### [WORK ITEM]
Reproduce, exactly and only, the lines of the data that follows from the one containing "A single light" down to the one containing "Modern minimal home", without pictures.

### [RECORDS FOR THE TASK]
========================================

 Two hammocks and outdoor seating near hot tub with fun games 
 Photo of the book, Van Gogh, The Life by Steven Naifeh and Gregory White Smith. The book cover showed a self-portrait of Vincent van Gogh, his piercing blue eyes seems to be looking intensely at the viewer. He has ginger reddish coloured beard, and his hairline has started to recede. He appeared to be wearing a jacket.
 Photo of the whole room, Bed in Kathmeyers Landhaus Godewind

========================================

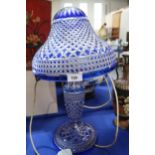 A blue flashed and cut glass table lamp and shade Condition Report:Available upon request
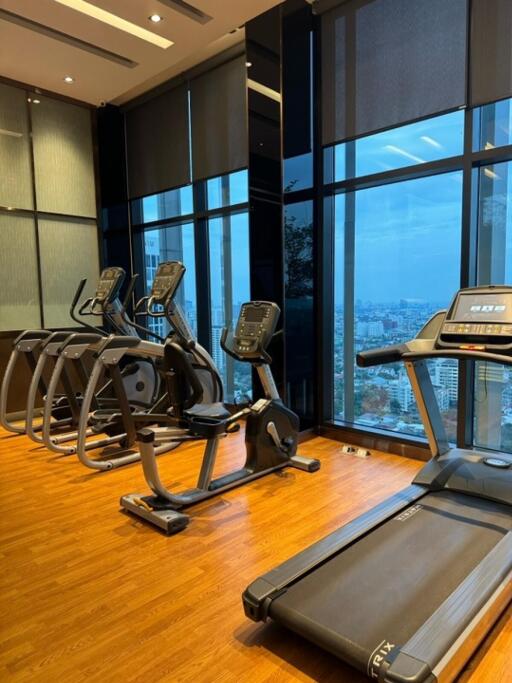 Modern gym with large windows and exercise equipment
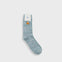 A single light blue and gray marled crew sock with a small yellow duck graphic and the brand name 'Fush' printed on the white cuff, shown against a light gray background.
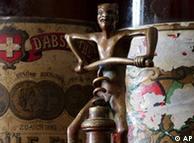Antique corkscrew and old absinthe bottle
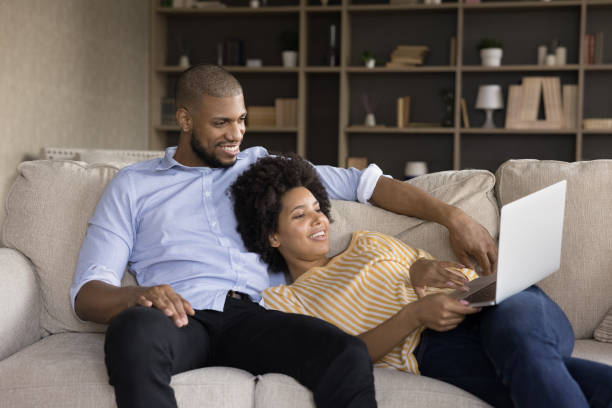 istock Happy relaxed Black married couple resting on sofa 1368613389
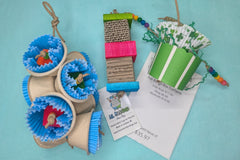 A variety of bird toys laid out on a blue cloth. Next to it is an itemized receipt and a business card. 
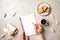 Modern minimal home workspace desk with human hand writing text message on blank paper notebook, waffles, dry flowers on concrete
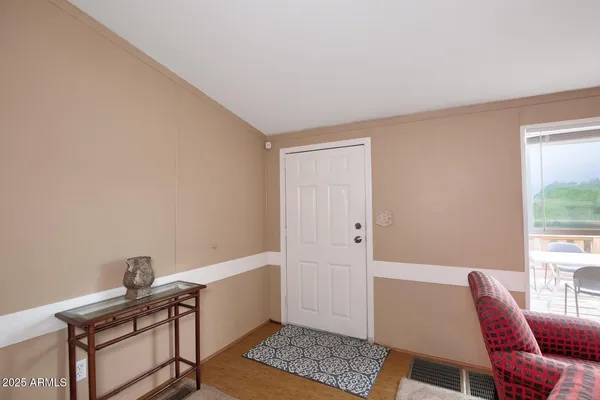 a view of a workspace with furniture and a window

========================================

### [ANSWER BELOW]
 A single light blue and gray marled crew sock with a small yellow duck graphic and the brand name 'Fush' printed on the white cuff, shown against a light gray background.
Antique corkscrew and old absinthe bottle
 istock Happy relaxed Black married couple resting on sofa 1368613389
 A variety of bird toys laid out on a blue cloth. Next to it is an itemized receipt and a business card. 
 Modern minimal home workspace desk with human hand writing text message on blank paper notebook, waffles, dry flowers on concrete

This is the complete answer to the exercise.